From Math to Code
When I entered the software industry twenty years ago, I did it without a computer science degree or much of a mathematical education. As a result, I’ve always felt a little intimidated when I come across computer science papers or descriptions of software solutions that contain a lot of math.
That’s why I’m particularly excited to introduce today’s episode and guest chef. Today, Michael Herold joins us to dispel some of the mystique around translating mathematical formulas to software. He’ll show you how you can apply a step-by-step process to go from an algorithm definition to working, useful code. Enjoy!
Video transcript & code
Demystifying the Language of Mathematics
If you're like many people -- myself included -- you struggled with learning mathematics in school.
You vaguely remember lessons from a teacher or professor, but can't remember the specifics. And that's okay most of the time. However, at some point, you will need to solve a problem that uses mathematics.
If you realize that you'll need to use math, you might start to feel fear. This is natural!
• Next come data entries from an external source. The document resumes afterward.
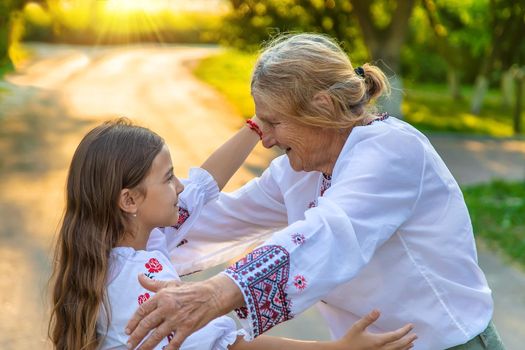 Ukrainian grandmother and granddaughter in vyshyvanka. selective focus. Kid.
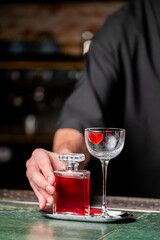A bartender presents a red cocktail in a stylish glass garnished with a heart-shaped ice cube, alongside a decorative bottle on a green bar countertop.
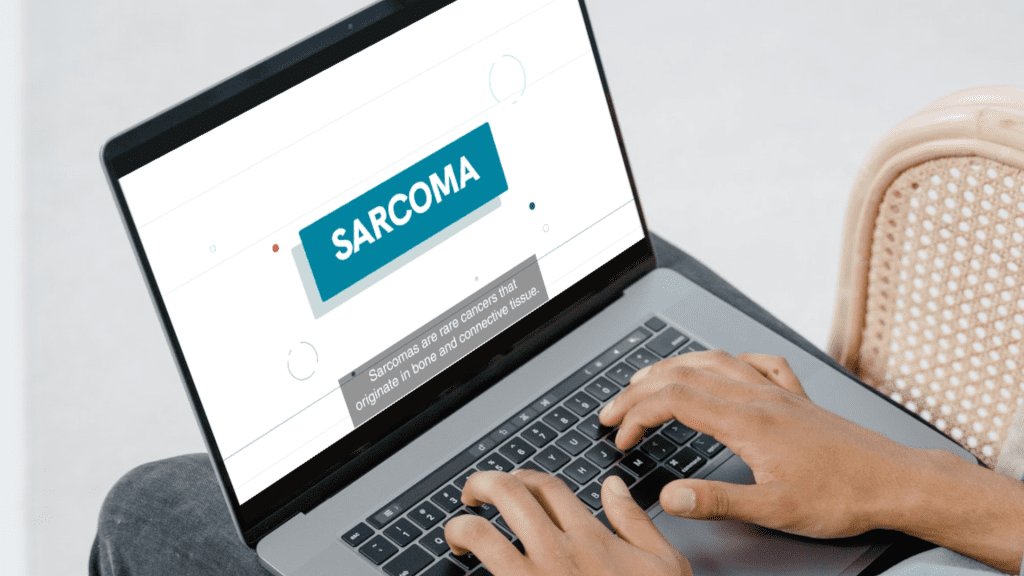 Hands on laptop keyboard, with display showing the word 'sarcoma'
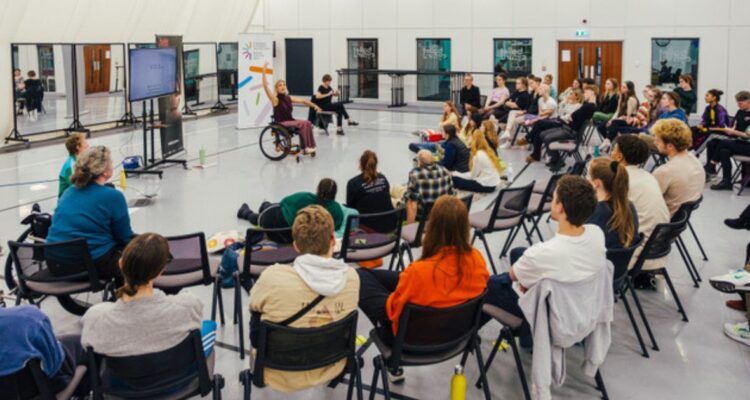 Wheelchair dancer talking to a room of seated participants Photo credit: Evan Dawson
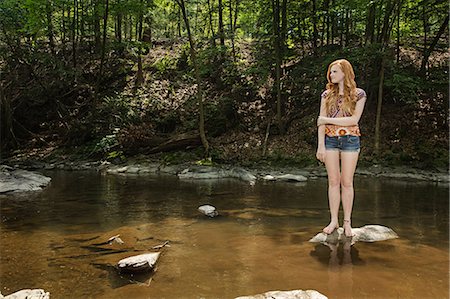 red hair - Teenage girl standing on rock in river Stock Photo - Premium Royalty-Free, Code: 614-06402623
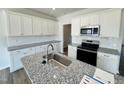 Well-lit kitchen featuring white cabinetry, stainless steel appliances, and granite countertops at 103 Central Townes Way # 297, Raleigh, NC 27603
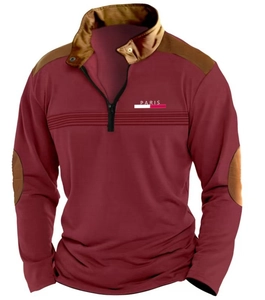 Detail view of burgundy polo shirt featuring contrast brown patches and Paris chest print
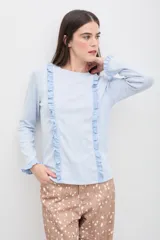Remera de manga larga color celeste, confeccionada en tejido suave con textura acanalada. Presenta volados verticales en el frente y terminaciones con volados delicados en los puños.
You're about to confront a traumatic experience from your childhood. Oh, and did I mention? The mathematics that you'll need to use
is statistics. Take a deep breath! It will be okay. You're probably asking, "how do I know that you're going to need to use statistics?" The simple answer is data.
The topic of data is huge right now. Big data, data mining, machine learning ... all of these topics are grounded in statistics. However, you don't need to go that deep for statistics to be useful. At the end of the day,
statistics is about asking a question about some data. Statistics uses mathematical techniques to explain the features of your dataset.
Let's make this a little more concrete. Let's take a look at an example from doing pricing research.
It's based on a real problem I worked on recently.
Let's say we issued a survey to our customers,
asking them at what price our service would be too cheap for them to think it was quality.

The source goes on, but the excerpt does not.